Wednesday, September 23, 2009

Recent Slip and Fall Cases of Note

The below recent slip and fall cases of note were found in the Digests in the August 21, 2009 Pennsylvania Law Weekly. Copies of the opinions can be purchased from the Law Weekly for a nominal price by calling 1-800-276-7427 and providing the noted PICS Case Numbers.

In the case of Davis v. City of Chester, PICS Case No. 09-1536 (E.D. Pa. Sept. 9, 2009, Fullam S. J.), Defendants City of Chester and Amtrak were both granted summary judgment in a slip and fall case involving ice on a sidewalk.

The city was found to be immune from suit because the claims presented did not arise under any of the exceptions to the Pennsylvania Political Subdivision Tort Claims Act. More specifically, the real property exception does not apply to sidewalks. Also, the streets exception does not apply where the accident was not in a street.

The Court also noted that, for the sidewalk exception of the Tort Claims Act to apply, the cause of the fall must be an artificial condition or defect of the sidewalk itself. Under Pennsylvania law, ice and snow do not count under this exception even if it is shown that city employees often cleared the sidewalk.

Amtrak was granted summary judgment because it did not own or control the sidewalk in question. The Court also ruled that Amtrak had no liability for an abutting sidewalk unless the sidewalk conferred some benefit to Amtrak. As the sidewalk in question was across the street from the station, it conferred no benefit to Amtrak. Accordingly, the court granted summary judgment to both Defendants.


In the case of Murray v. Dollar Tree Stores, 2009 WL 2902323, PICS Case No. 09-1532 (E.D. Pa. Sept. 10, 2009 Kelly, S. J.), the court granted summary judgment to the Defendant store under a notice defense.

The Plaintiff asserted that she slipped and fell on a liquid on the floor of an aisle in a Dollar Tree Store. The Plaintiff admitted at her deposition that she did not know how long the liquid was there before she fell and there was no evidence about when the spill occurred. There was also no evidence presented that there was any tracking through the liquid or dirt in the spill so as to show it may have been there a while.

The only evidence the Plaintiff offered was that she was in the store for about 15 minutes prior to her fall and, therefore, the spill must have been present for that length of time as well. The Court summarily rejected this speculation.

The Murray Court ruled that a store owners is not an insurer of its patrons’ safety. Rather, a plaintiff must prove that the defendant store owner had actual or constructive notice of the condition. Constructive notice requires proof that the condition was present long enough that in the exercise of reasonable care the defendant should have known of the spill. This in turn requires evidence of the duration of the spill. Without such evidence, as here, a plaintiff cannot make out a case of negligence to proceed to a jury.

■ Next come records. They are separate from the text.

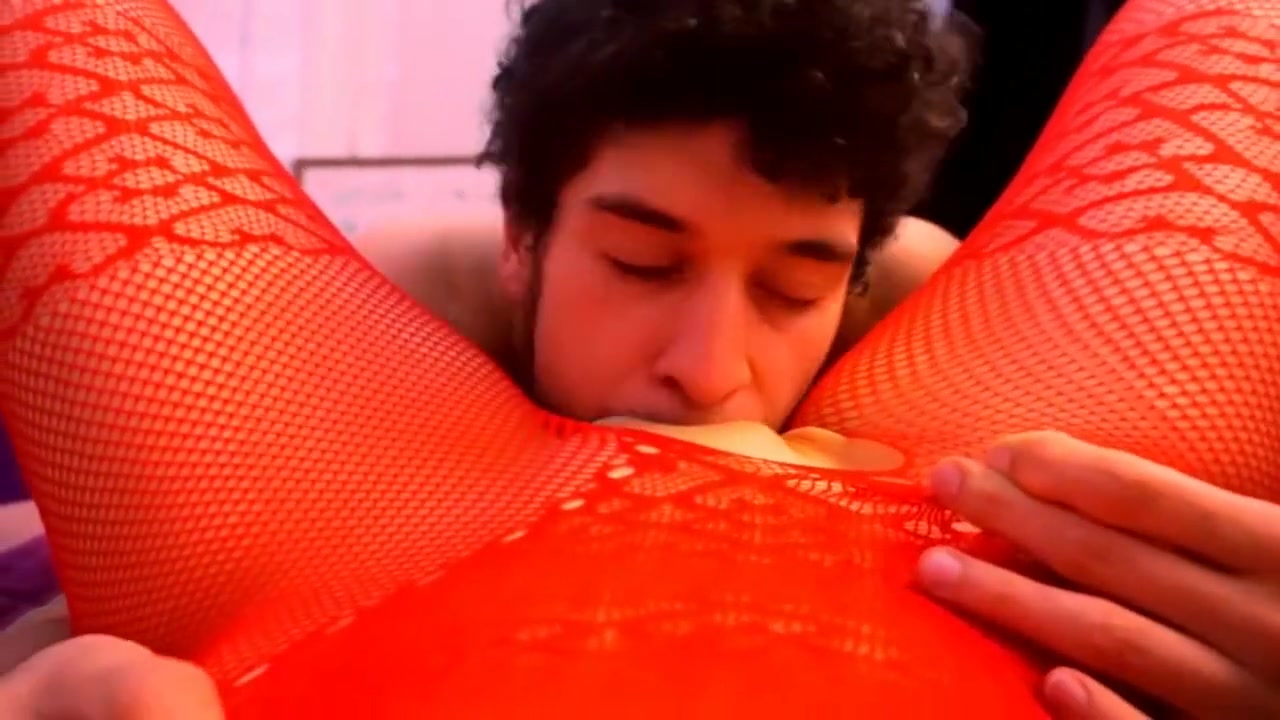 Oral sex hot and delicious. Eating my stepsister's pussy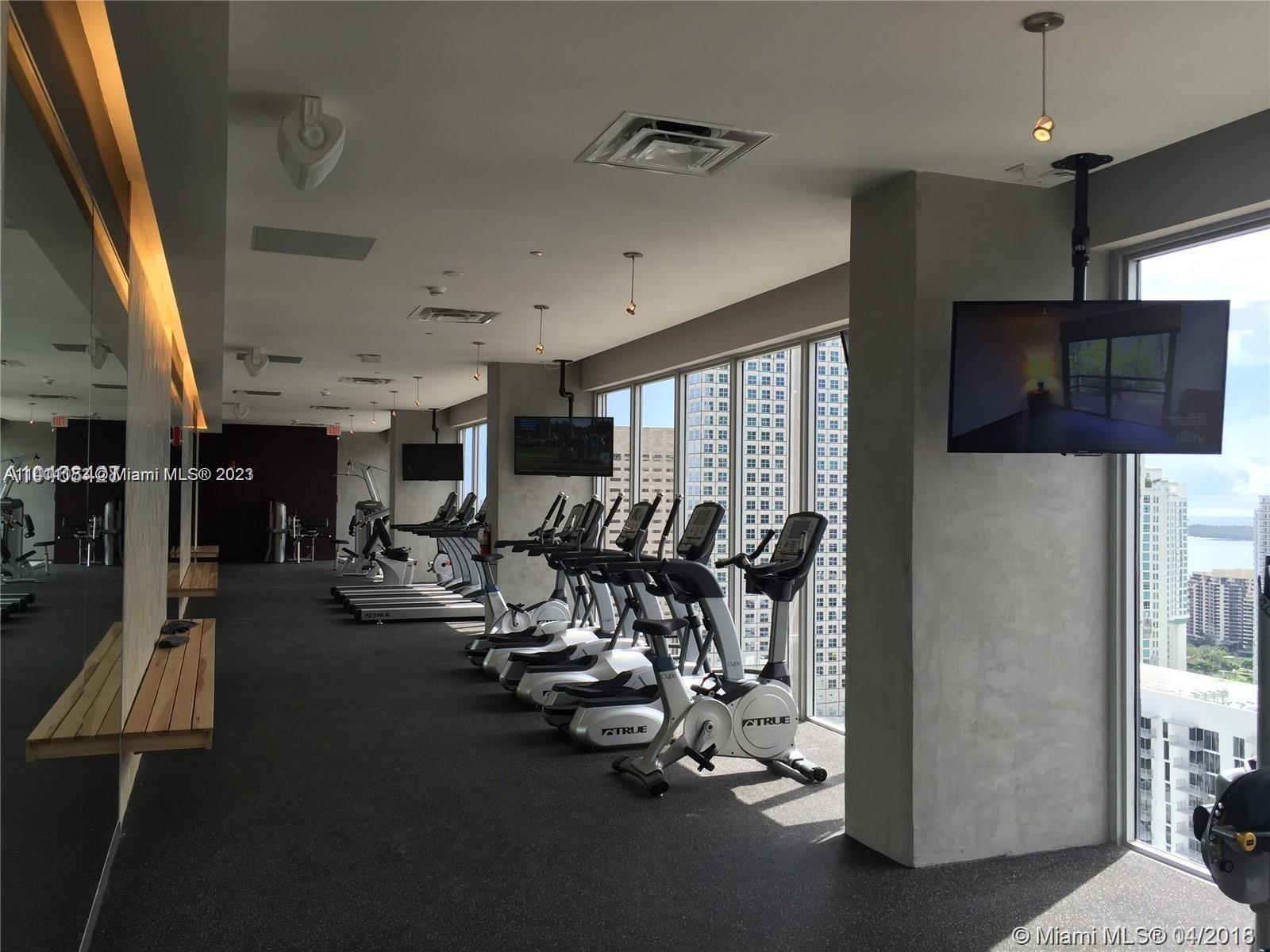 CENTRO CONDO - Residential Lease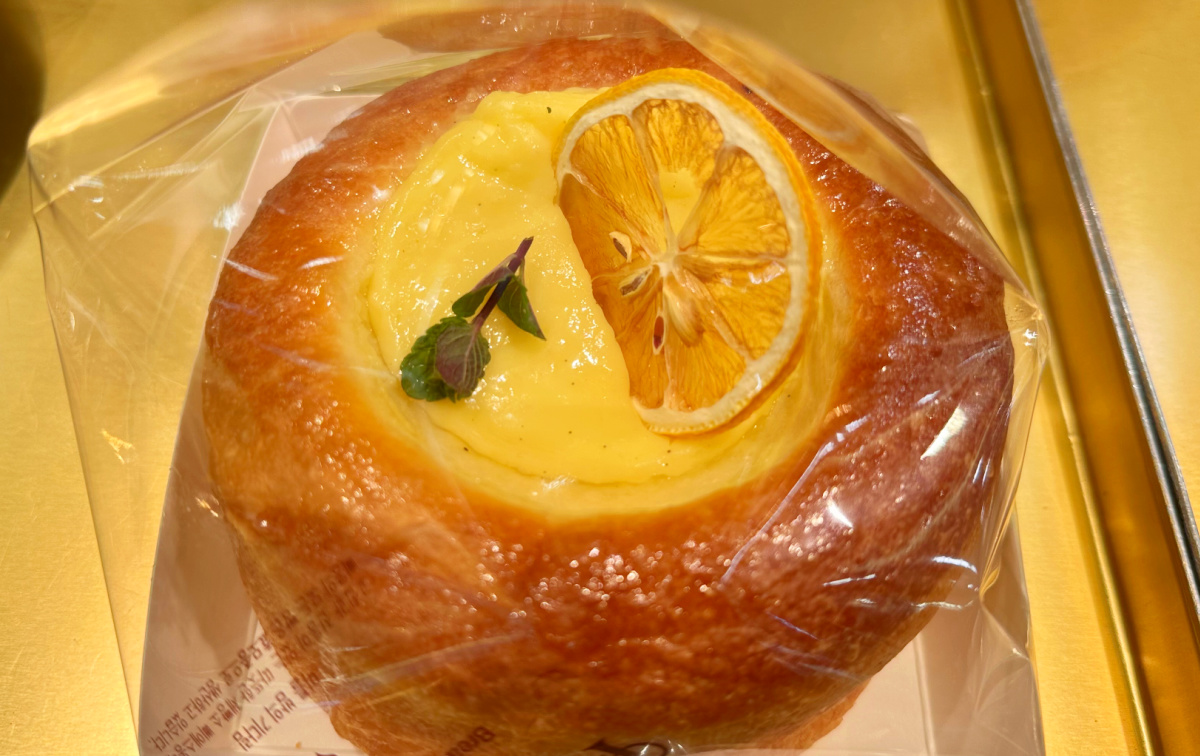 piece-montee-patisserie-tart-orange-bread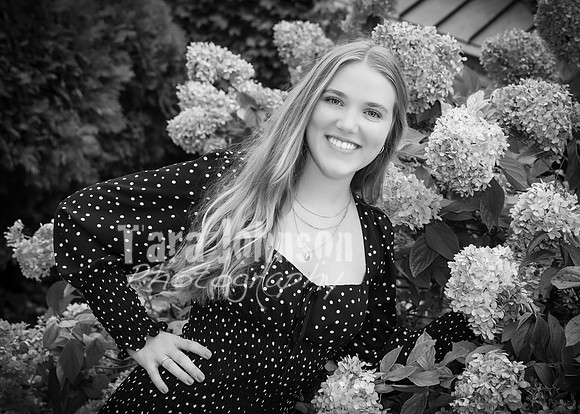 Liv Robins - BW - TJP (15 of 72)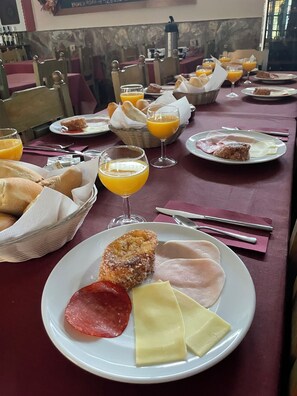 Free daily continental breakfast - hotel rural juncalillo (Juncalillo)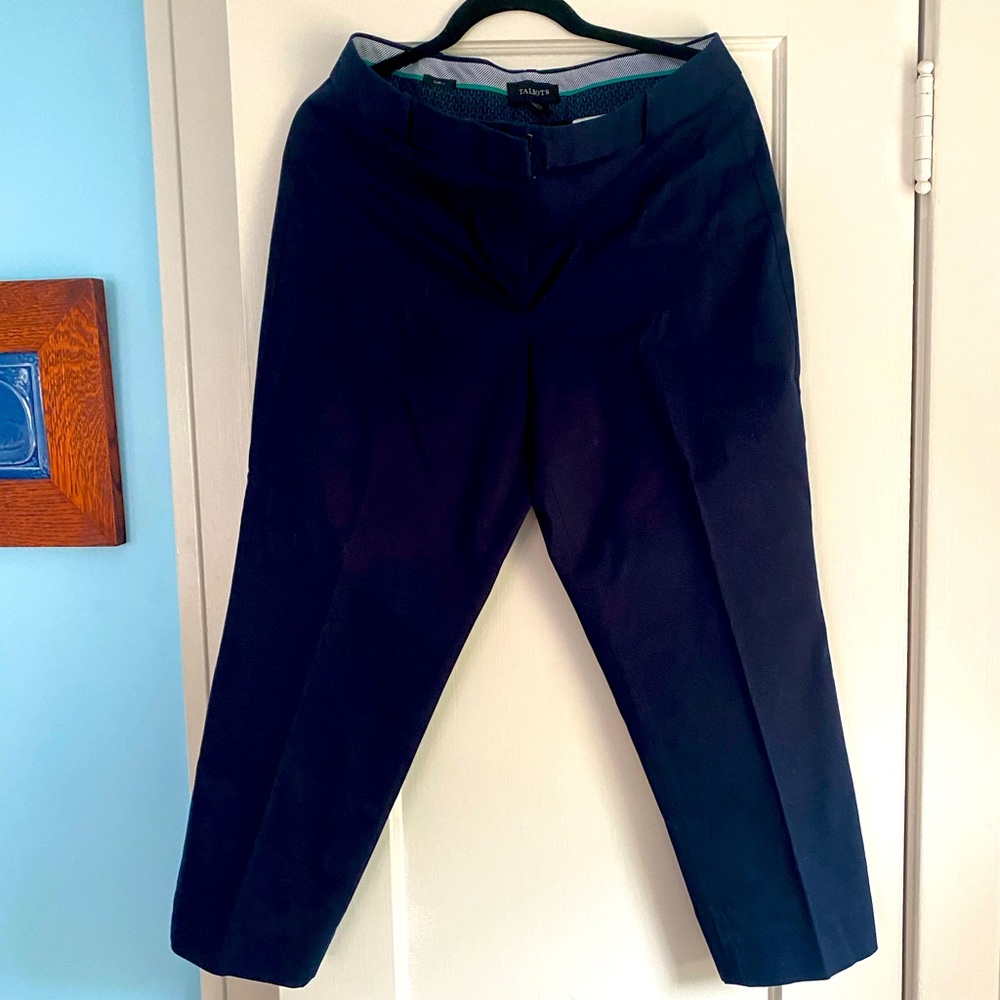 NWT Talbots Curvy lightweight  ankle pants. Navy blue size 10.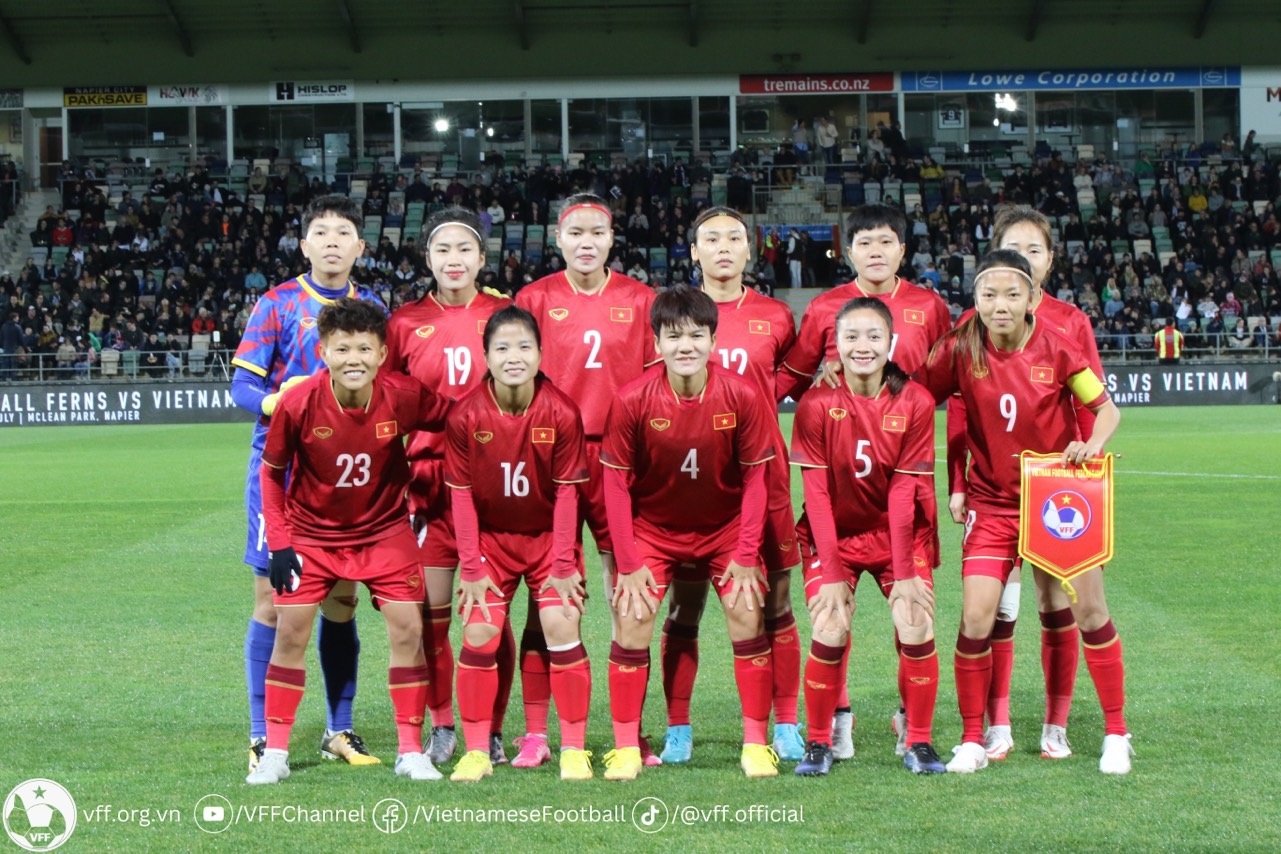 Dương Thị Vân (16) trong đội hình xuất phát đội tuyển nữ Việt Nam trận gặp New Zealand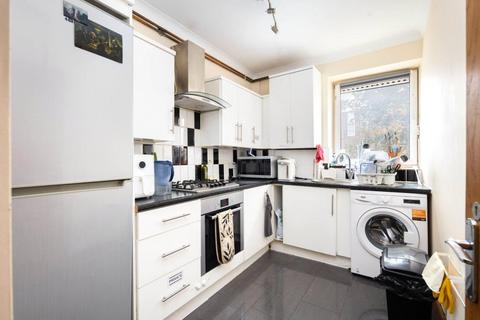 2 bedroom flat for sale, Clarion House, 330 Roman Road, Bow, London, E3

Significantly, the Court also rejected the Plaintiff's contention that the store failed to follow its own inspection procedures to keep the floors of the store safe. In addition to noting that the Plaintiff failed to offer any evidence of the inspection procedures of the store or any violation thereof, the Court also found that such evidence was immaterial in any event as it did not serve to establish how long a spill lasted on the floor to satisfy a showing of constructive notice of the condition on the part of the store owner.

In so ruling, the Court cited to Hower v. Wal-Mart Stores, Inc., 2009 WL 1688474 (E.D.Pa. June 16, 2009), another notice defense case with essentially the same analysis and result. That case was previously highlighted in this blog and can be found by going to the "Label" in the right-hand column of this blog and clicking on "Premises Liability" or "Slip and Fall."

Thus, these cases show an increasing willingness of the Pennsylvania courts to grant summary judgment to defendant store owners on a notice defense where a plaintiff admits that they can not state how long a spill was on the floor prior to the incident and where there is no evidence of foot tracks or dirt in or around the spill.

The courts have also repeatedly rejected plaintiffs efforts to attach liability to the defendant store owner in such cases under an argument that the store failed to follow its own floor inspection procedures. The courts have stated that such evidence does not offer any support to show how long a specific spill remained on the floor so as to establish constructive notice on the part of the defendant.